You must have a single flushed write to disk to be durable, but it doesn't need the second write.
Overall speed is irrelevant, what mattered was the relative speed difference between sequential and random access.
And since there's still a massive difference between sequential and random access with SSDs, I doubt the overall approach of using buffers needs to be reconsidered.
Edit: thank you for all the answers -- very educational, TIL!
https://i.imgur.com/t5scCa3.png
https://ssd.userbenchmark.com/ (click on the orange double arrow to view additional columns)
That is a latency of about 50 µs for a random read, compared to 4-5 ms latency for HDDs.
With SSDs, the write pattern is very important to read performance.
Datacenter and enterprise class drives tend to have a maximum transfer size of 128k, which is seemingly the NAND block size. A block is the thing that needs to be erased before rewriting.

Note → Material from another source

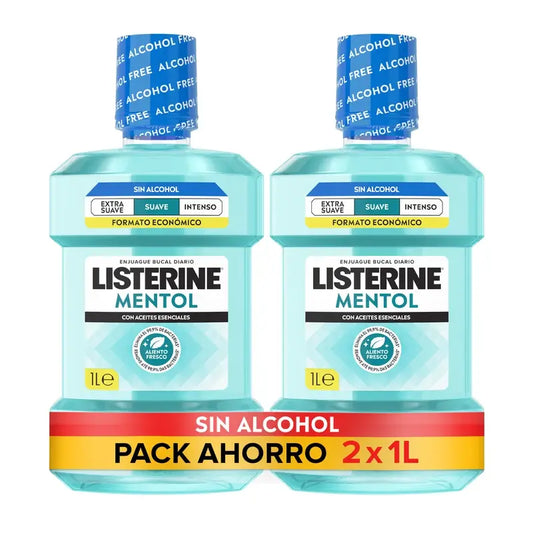 Listerine Mildes alkoholfreies Mundwasser, 2 x 1L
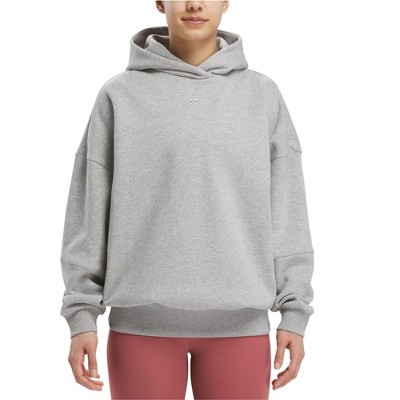 Reebok Womens Lux Oversized Hoodie Sweatshirt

Most drives seem to have an indirection unit size of 4k. If a write is not a multiple of the IU size or not aligned, the drive will have to do a read-modify-write. It is the IU size that is most relevant to filesystem block size.
If a small write happens atop a block that was fully written with one write, a read of that LBA range will lead to at least two NAND reads until garbage collection fixes it.
If all writes are done such that they are 128k aligned, sequential reads will be optimal and with sufficient queue depth random 128k reads may match sequential read speed. Depending on the drive, sequential reads may retain an edge due to the drive’s read ahead. My own benchmarks of gen4 U.2 drives generally backs up these statements.
At these speeds, the OS or app performing buffered reads may lead to reduced speed because cache management becomes relatively expensive. Testing should be done with direct IO using libaio or similar.
To me a 4k read seems anachronistic from a modern application perspective. But I gather 4kb pages are still common in many file systems. But that doesn’t mean the majority of reads are 4kb random in a real world scenario.
> Our extensive experiments discover that, unlike HDDs, the performance degradation of modern storage devices incurred by fragmentation mainly stems from request splitting, where a single I/O request is split into multiple ones.
- The access block size (LBA size). Either 512 bytes or 4096 bytes modulo DIF. Purely a logical abstraction.
- The programming page size. Something in the 4K-64K range. This is the granularity at which an erased block may be programmed with new data.
- The erase block size. Something in the 1-128 MiB range. This is the granularity at which data is erased from the flash chips.
SSDs always use some kind of journaled mapping to cope with the actual block size being roughly five orders of magnitude larger than the write API suggests. The FTL probably looks something like an LSM with some constant background compaction going on. If your writes are larger chunks, and your reads match those chunks, you would expect the FTL to perform better, because it can allocate writes contiguously and reads within the data structure have good locality as well. You can also expect for drives to further optimize sequential operations, just like the OS does.
(N.b. things are likely more complex, because controllers will likely stripe data with the FEC across NAND planes and chips for reliability, so the actual logical write size from the controller is probably not a single NAND page)
Most filesystems read in 4K chunks (or sometimes even worse, 512 byes), and internally the actual block is often multiple MB in size, so this internal read multiplication is a big factor in performance in those cases.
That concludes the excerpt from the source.